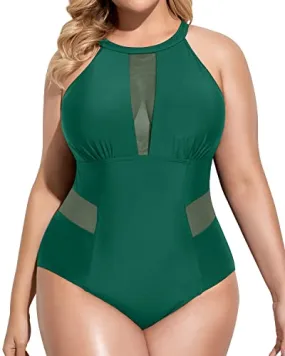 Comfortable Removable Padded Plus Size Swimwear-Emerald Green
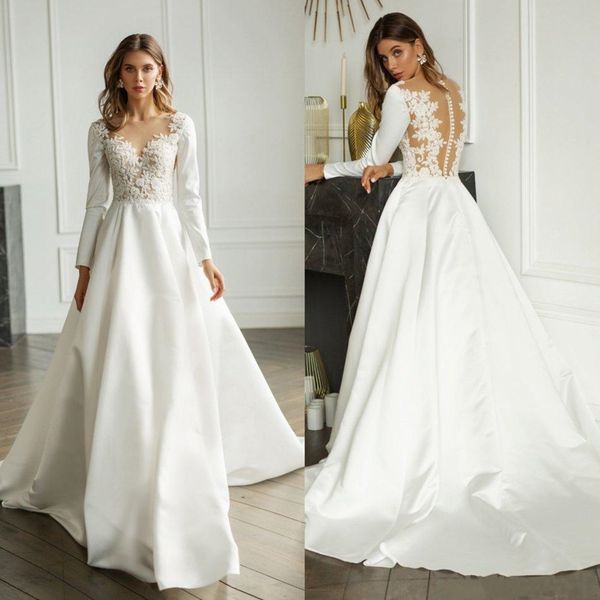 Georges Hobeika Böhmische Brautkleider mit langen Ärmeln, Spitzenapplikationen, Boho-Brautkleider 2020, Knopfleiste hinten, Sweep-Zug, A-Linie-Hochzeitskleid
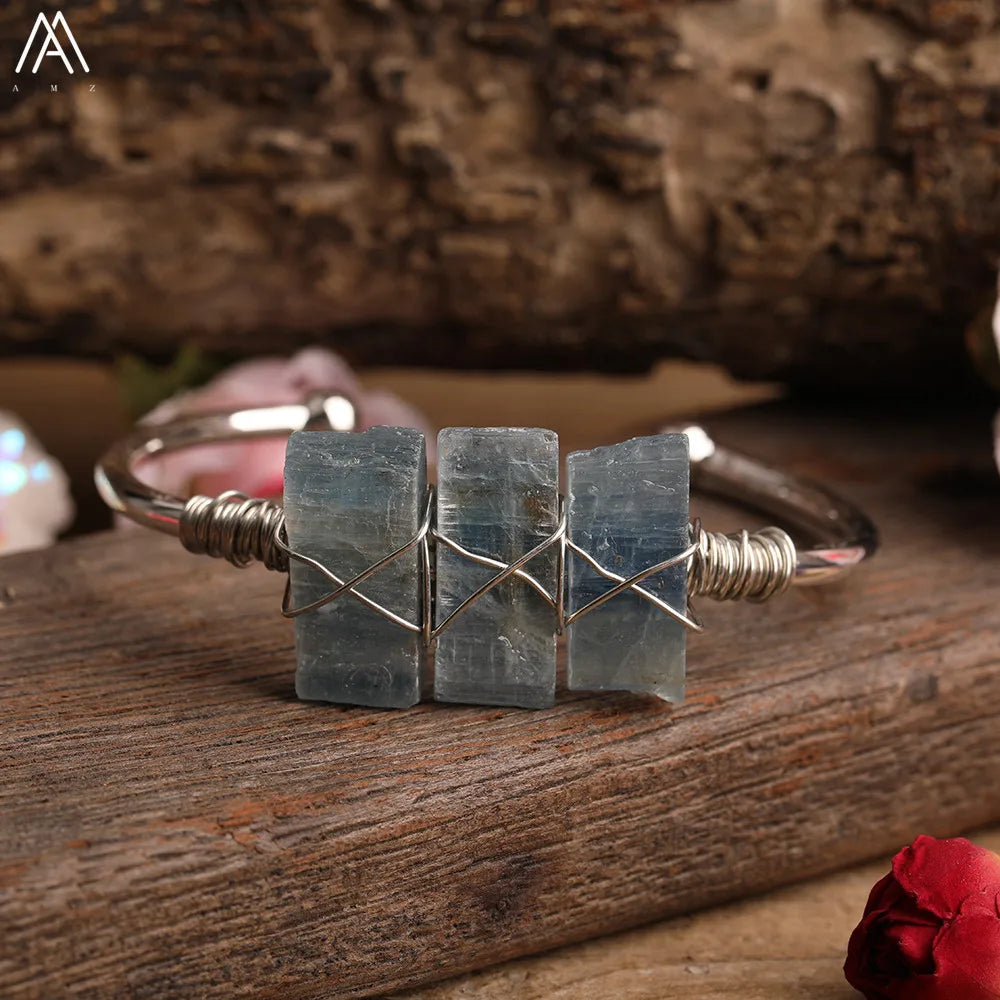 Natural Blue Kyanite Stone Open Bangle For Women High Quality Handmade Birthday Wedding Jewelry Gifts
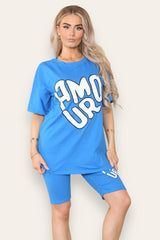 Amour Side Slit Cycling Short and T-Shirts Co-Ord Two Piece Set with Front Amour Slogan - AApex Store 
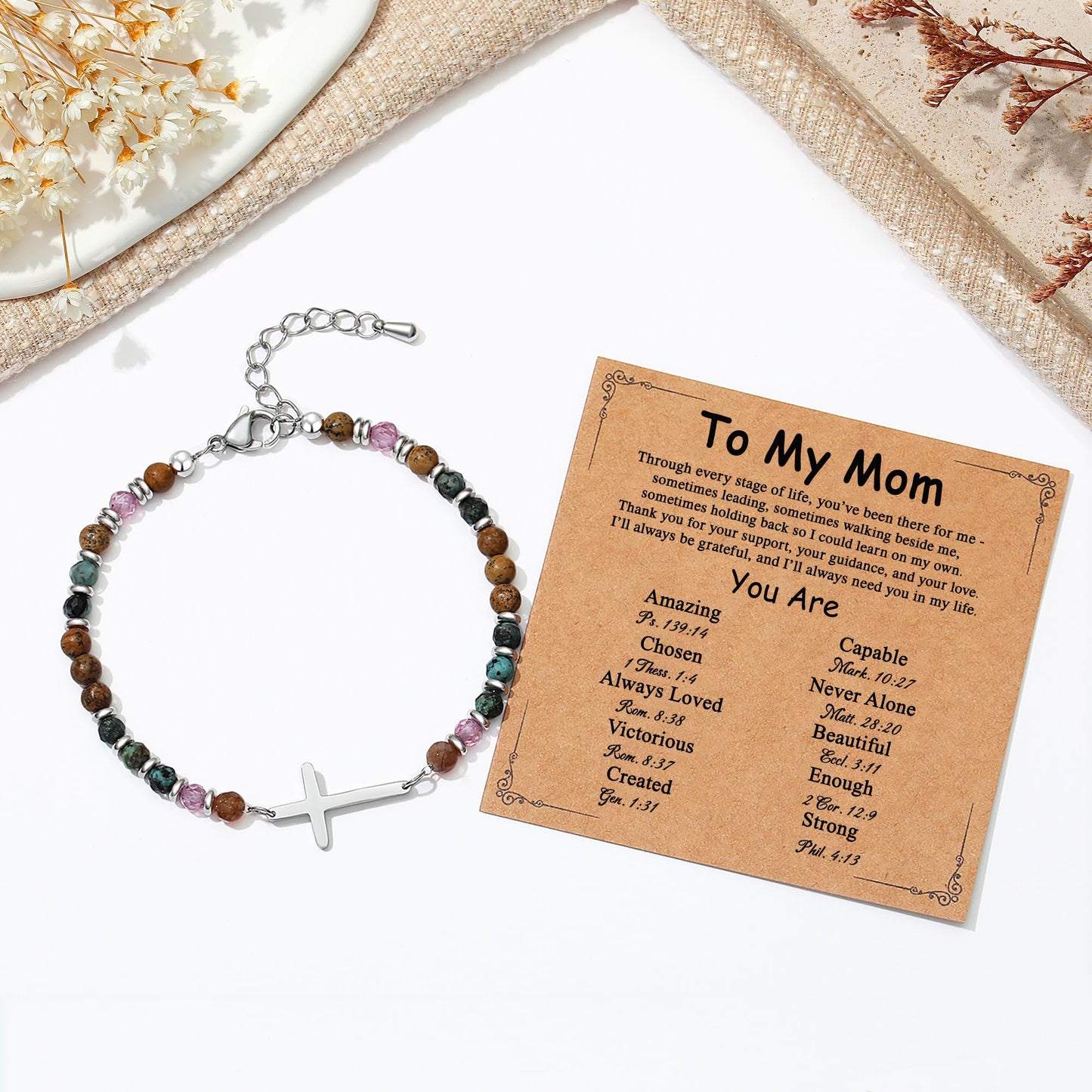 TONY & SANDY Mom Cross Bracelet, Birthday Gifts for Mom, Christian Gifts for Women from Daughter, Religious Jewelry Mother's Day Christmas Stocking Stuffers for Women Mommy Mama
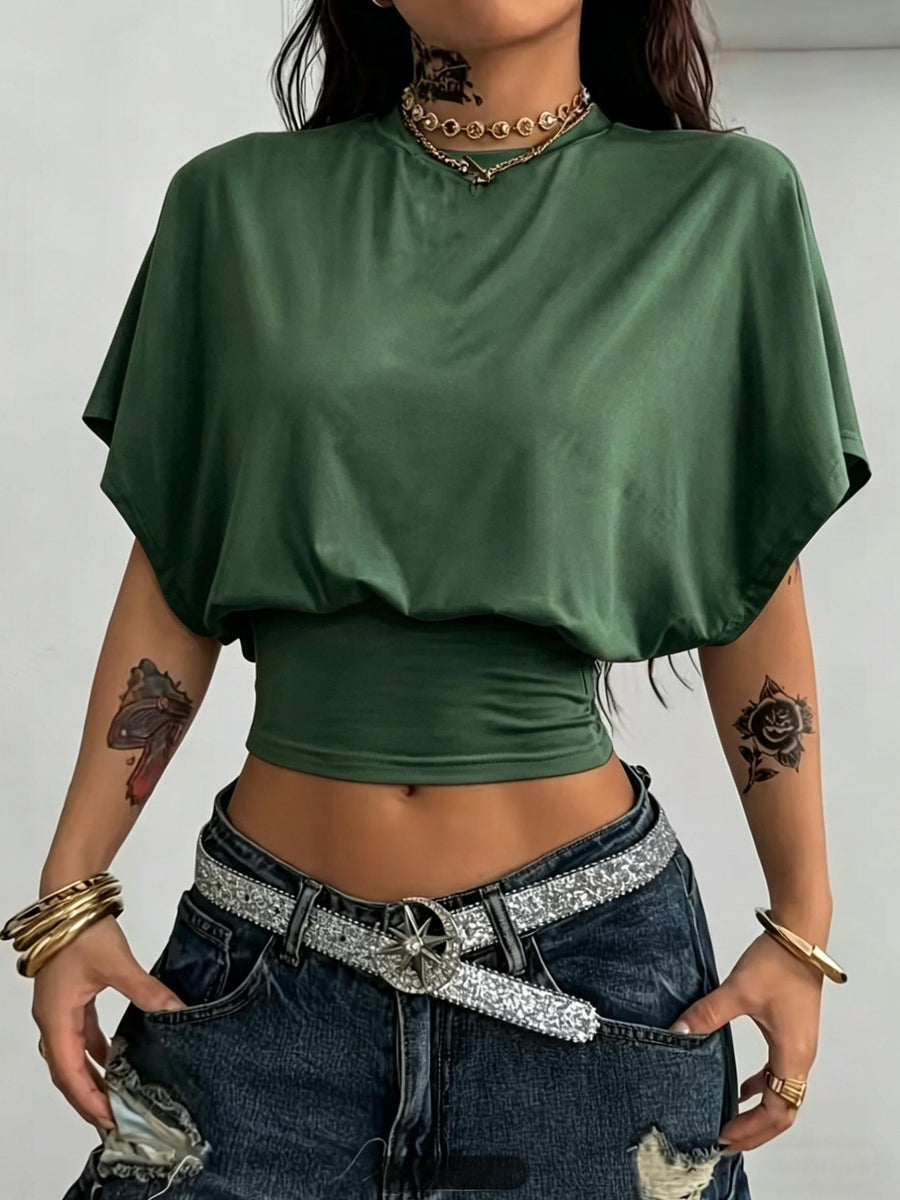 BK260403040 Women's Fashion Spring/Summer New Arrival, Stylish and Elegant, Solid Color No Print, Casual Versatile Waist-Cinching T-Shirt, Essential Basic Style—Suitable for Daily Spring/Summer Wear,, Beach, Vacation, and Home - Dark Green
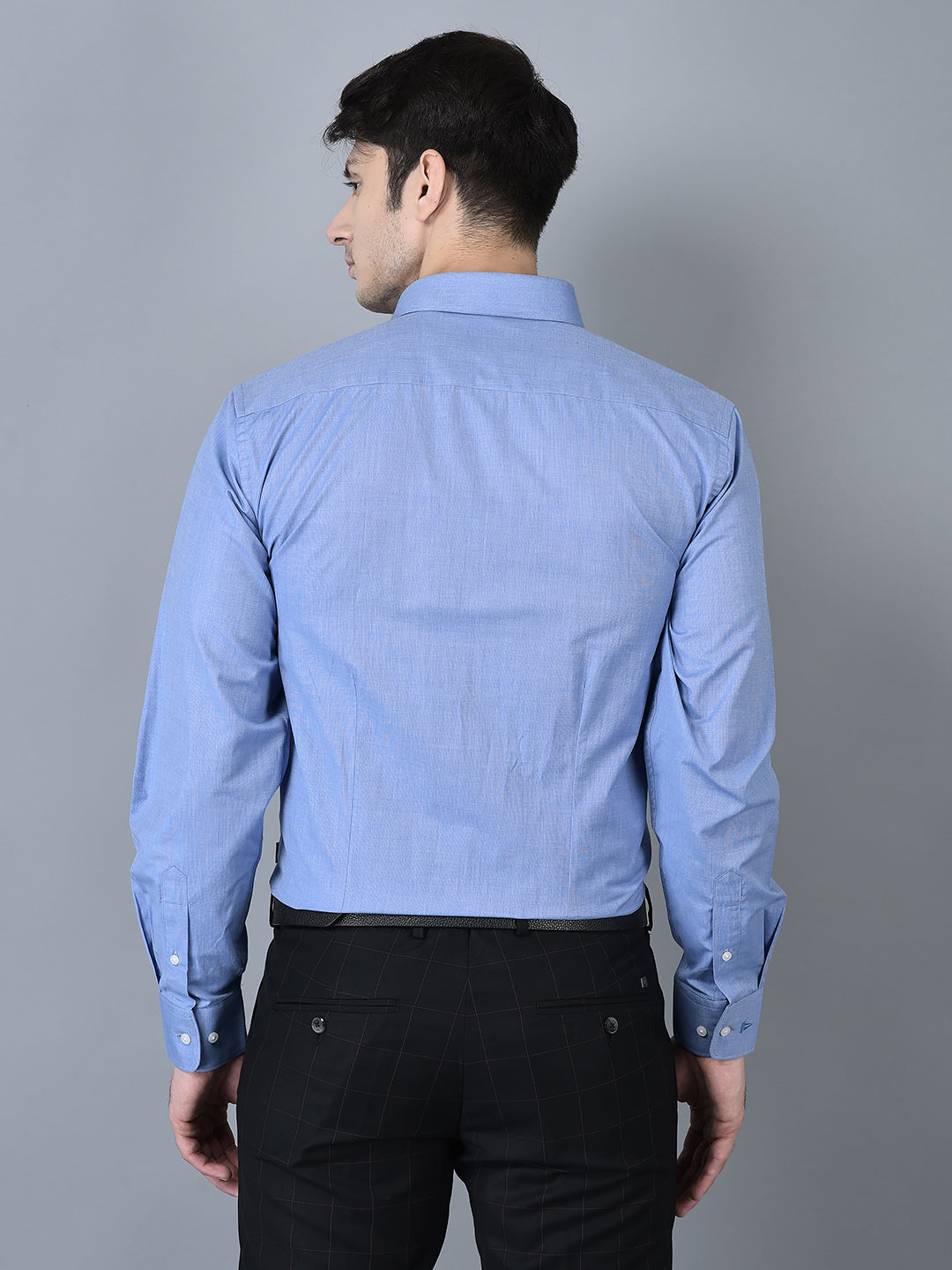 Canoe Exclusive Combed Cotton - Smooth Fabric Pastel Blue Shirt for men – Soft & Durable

-*-*-

Only the lines from the start of the records above through the line containing "TONY & SANDY" should be returned, exactly and with both ends, please; the pictures stay out.

 Comfortable Removable Padded Plus Size Swimwear-Emerald Green
 Georges Hobeika Böhmische Brautkleider mit langen Ärmeln, Spitzenapplikationen, Boho-Brautkleider 2020, Knopfleiste hinten, Sweep-Zug, A-Linie-Hochzeitskleid
 Natural Blue Kyanite Stone Open Bangle For Women High Quality Handmade Birthday Wedding Jewelry Gifts
 Amour Side Slit Cycling Short and T-Shirts Co-Ord Two Piece Set with Front Amour Slogan - AApex Store 
 TONY & SANDY Mom Cross Bracelet, Birthday Gifts for Mom, Christian Gifts for Women from Daughter, Religious Jewelry Mother's Day Christmas Stocking Stuffers for Women Mommy Mama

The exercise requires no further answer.